El entusiasamo por batir records, el desasosiego por circunvalar continentes o planetas, parece ser el delirio moderno por retar a la naturaleza y dominarla. De ahí que el hundimiento del Titanic se haya convertido en una suerte de fábula moderna sobre el enfrentamiento entre la técnica y la naturaleza salvaje, cuya sorda moraleja nos advierte de los peligros de intentar superar o domeñar a las fuerzas naturales, de querer emular, en definitiva, a la divinidad. Como ya digo, el viaje de Nellie no ofrece grandes aventuras, obligada a bajarse de un barco para, a continuación, subirse a otro, y así una y otra vez, hasta su regreso a Estados Unidos. Pero la periodista es joven, animosa y buena observadora. Denuncia lo molesto que resultan los ferrocarriles ingleses, cuyos compartimentos se cierran con llave hasta final de trayecto, obligando al viajero a no moverse del cubículo junto con los extraños que les haya tocado en suerte como compañeros de viaje. El aspecto enjuto y oscuro de las carnes de un curtido capitán de barco hindú, le hace pensar en arenques ahumados. Los chinos son sucios, los japoneses son limpios. Un individuo cuyo camarote se ha inundado, intenta achicar agua con una pitillera. Analiza los distintos tonos de los silbatos de tren estadounidenses y británicos, y se queda horrorizada al observar un extraño objeto metálico y con plumas que flota en el agua, hasta que al aproximarse lo suficiente, resulta ser una boya.
Hay otras observaciones que resultan chocantemente actuales.

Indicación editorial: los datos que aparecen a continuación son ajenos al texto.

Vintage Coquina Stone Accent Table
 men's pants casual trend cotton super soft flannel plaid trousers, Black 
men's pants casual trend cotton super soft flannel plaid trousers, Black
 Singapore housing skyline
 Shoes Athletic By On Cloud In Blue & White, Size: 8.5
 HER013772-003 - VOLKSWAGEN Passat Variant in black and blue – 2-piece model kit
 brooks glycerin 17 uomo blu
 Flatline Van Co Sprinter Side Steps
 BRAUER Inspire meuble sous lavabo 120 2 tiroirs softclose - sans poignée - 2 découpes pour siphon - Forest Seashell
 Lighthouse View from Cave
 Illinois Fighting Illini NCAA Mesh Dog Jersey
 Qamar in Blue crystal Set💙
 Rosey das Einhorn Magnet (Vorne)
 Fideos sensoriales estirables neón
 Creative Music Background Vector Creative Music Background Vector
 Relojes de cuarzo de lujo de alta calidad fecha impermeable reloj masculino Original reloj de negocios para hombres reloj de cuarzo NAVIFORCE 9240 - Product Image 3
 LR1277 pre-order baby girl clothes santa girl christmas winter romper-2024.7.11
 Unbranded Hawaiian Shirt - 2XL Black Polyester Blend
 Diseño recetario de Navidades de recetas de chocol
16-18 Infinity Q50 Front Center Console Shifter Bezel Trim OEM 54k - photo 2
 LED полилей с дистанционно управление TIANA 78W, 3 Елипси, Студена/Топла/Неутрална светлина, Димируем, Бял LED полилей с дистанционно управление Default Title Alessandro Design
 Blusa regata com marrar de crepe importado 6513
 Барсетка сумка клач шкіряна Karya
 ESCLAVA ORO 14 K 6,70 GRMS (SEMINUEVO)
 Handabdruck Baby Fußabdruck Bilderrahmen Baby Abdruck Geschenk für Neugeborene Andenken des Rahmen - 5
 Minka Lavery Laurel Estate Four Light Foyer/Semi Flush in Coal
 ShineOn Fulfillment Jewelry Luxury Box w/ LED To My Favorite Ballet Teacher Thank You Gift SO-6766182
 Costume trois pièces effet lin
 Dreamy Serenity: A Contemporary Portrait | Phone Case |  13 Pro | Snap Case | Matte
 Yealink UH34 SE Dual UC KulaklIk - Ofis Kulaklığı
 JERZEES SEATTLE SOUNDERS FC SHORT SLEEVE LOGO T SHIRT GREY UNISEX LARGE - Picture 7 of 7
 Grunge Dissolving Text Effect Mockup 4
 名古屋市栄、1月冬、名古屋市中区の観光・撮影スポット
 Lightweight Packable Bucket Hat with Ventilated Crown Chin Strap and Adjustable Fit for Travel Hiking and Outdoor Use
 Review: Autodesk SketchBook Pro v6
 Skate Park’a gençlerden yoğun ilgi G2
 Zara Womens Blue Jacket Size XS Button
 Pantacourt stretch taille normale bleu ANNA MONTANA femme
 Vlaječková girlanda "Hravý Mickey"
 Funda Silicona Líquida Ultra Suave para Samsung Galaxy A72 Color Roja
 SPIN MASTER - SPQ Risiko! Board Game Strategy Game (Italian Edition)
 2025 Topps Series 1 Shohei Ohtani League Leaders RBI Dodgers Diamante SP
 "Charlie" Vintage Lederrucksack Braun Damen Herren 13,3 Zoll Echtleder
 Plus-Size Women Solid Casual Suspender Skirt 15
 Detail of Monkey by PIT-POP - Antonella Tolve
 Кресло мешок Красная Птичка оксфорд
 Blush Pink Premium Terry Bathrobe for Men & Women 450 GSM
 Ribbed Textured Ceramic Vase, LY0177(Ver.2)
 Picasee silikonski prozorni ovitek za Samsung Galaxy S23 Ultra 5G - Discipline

Por ejemplo, y como efecto rentabilizador de la colonización por parte de los colonizados, la conversión de lugares sagrados de chinos e hindúes en sitios turísticos (para los europeos, se entiende, claro).
Siendo ella norteamericana, los encuentros con británicos tienen un ligero matiz de extrañeza: "Vi a un inglés del grupo lanzar una mirada furtiva a la Union Jack (la bandera estadounidense) que ondeaba por encima del consulado británico, pero de manera dubitativa, como si temiera que yo pudiera verlo".
Al llegar a Francia, Nellie no tiene más remedio que hacerle una visita obligada a Julio Verne. Al ir a despedirse de la señora Verne, equívocamente escribe: "Tuve que sofocar mi inclinación a besarla en los labios, tan dulces y rojos como eran, y mostrarle cómo lo hacemos en Estados Unidos. Mi carácter travieso suele causar estragos en mi dignidad". La jovencita Nellie dispuesta a aplastar sus labios contra los de una distinguida y algodonosa viejecita. Jugosillo pasaje cuya interpretación reclamarían hoy con gusto proselitista determinados colectivos.